News / Asia

    North Korea Marks Late Leader's Birth Anniversary

    North Koreans offer flowers to mark the birth anniversary of the North's late leader Kim Jong-Il at Kim Il-sung square in Pyongyang, in this photo taken by Kyodo, February 16, 2012.
    North Koreans offer flowers to mark the birth anniversary of the North's late leader Kim Jong-Il at Kim Il-sung square in Pyongyang, in this photo taken by Kyodo, February 16, 2012.

    North Korea is marking what would have been the 70th birthday of Kim Jong Il, who died in December. Amid muted celebrations, there is also praise for the late leader's son, Kim Jong Un, anointed as his father's successor.

    Celebrating Kim Jong ll

    The reclusive and impoverished country is using the occasion, officially renamed the "Day of the Shining Star," to stress the continuity of Kim family leadership and "turn sorrow into power and courage".

    In an afternoon ceremony inside the just renamed Kumsusan Memorial Palace of the Sun, the new leader, Kim Jong Un, led those paying respects to his father, bowing before a large photograph of Kim Jong Il.

    Moments later, in front of the mausoleum, on a cold and windy day, he stood in a navy blue coat as troops on display shouted their loyalty to him.

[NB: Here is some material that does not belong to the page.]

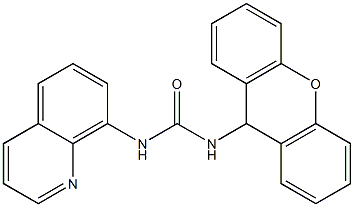 1-quinolin-8-yl-3-(9H-xanthen-9-yl)urea Struktur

    Vice marshal Ri Yong Ho, addressed the military units on the occasion of what would have been Kim Jong Il's 70th birthday.

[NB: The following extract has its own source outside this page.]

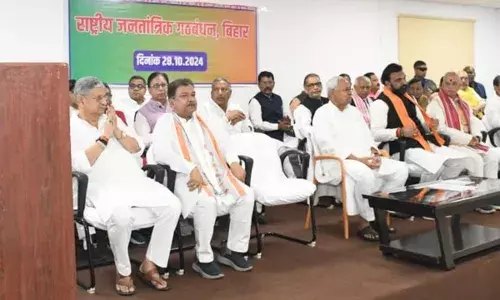 Nitish Kumar Targets Over 220 Seats in Bihar as NDA Showcases Unity Ahead of Assembly Elections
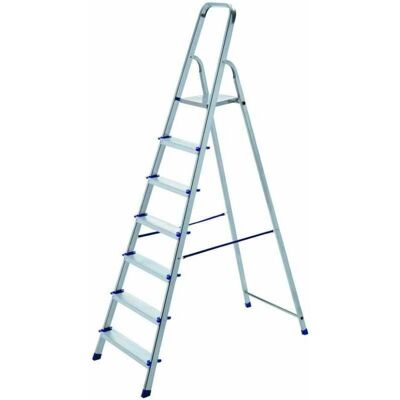 Vigor Ercole Escalera de aluminio de 7 peldaños - Escalera de mano Vigor Ercole Escalera de aluminio de 7 peldaños - Escalera de mano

    The chief of the army's general staff reminded the forces war could break out without warning and they must be ready to wipe out "U.S. imperialists and South Korean puppet traitors" to reunify the Korean peninsula.

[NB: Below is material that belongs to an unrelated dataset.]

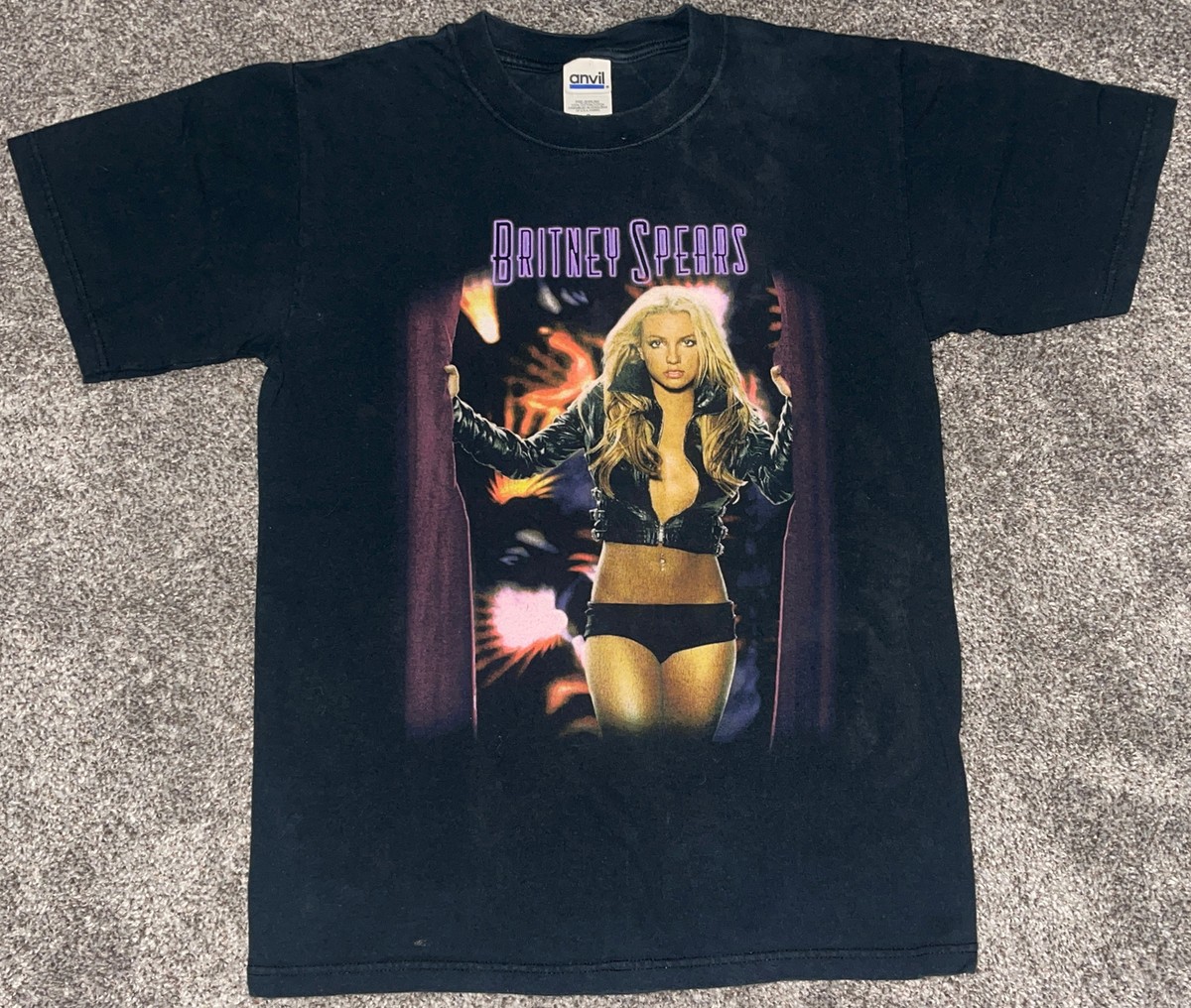 Britney Spears 2004 Onyx Hotel Tour Band Tee T-Shirt Size S | eBay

    The vice marshal also says that Kim Jong Il, before his death, solved perfectly the succession issue.

    Praises offered to the new leader

    During a military parade, goose-stepping troops, including women, saluted as they marched in front of a smiling Kim Jong Un. North Korea, meanwhile, has begun broadcasting a new song praising its new leader.

    The lyrics proclaim that the people will defend with their lives their "supreme commander," General Kim Jong Un.

    Professor Yang Moo-jin of the University of North Korean Studies in Seoul says this is all meant to elevate Kim Jong Un to the same level as his late father.

    The professor says the strategic significance is clearly that North Korea will continue to emphasize military-first politics under the third generation of the Kim family.

    Rank elevation, generalissimo

    North Korea announced this week that Kim Jong Il had been posthumously elevated to the rank of generalissimo. Until now, Kim Il Sung was the only one holding that title, bestowed on him just before his 80th birthday in 1992.

    Some analysts predict the move to elevate Kim Jong Il's rank after his death will clear the way for Kim Jong Un, who is believed to be in his late 20s, to be promoted to marshal, further consolidating his authority over all of North Korea's military forces.

    Kim Jong Un is already a four-star general, despite having no previous military experience.

    In South Korea, a group of defectors marked the day by launching, across the border, balloons carrying 140,000 leaflets. The pamphlets sent airborne by the defectors call for their former compatriots to fight against a third-generation "transfer of dictatorship" in North Korea.

    The North considers the balloons a provocative act and has repeatedly vowed to retaliate against such launches.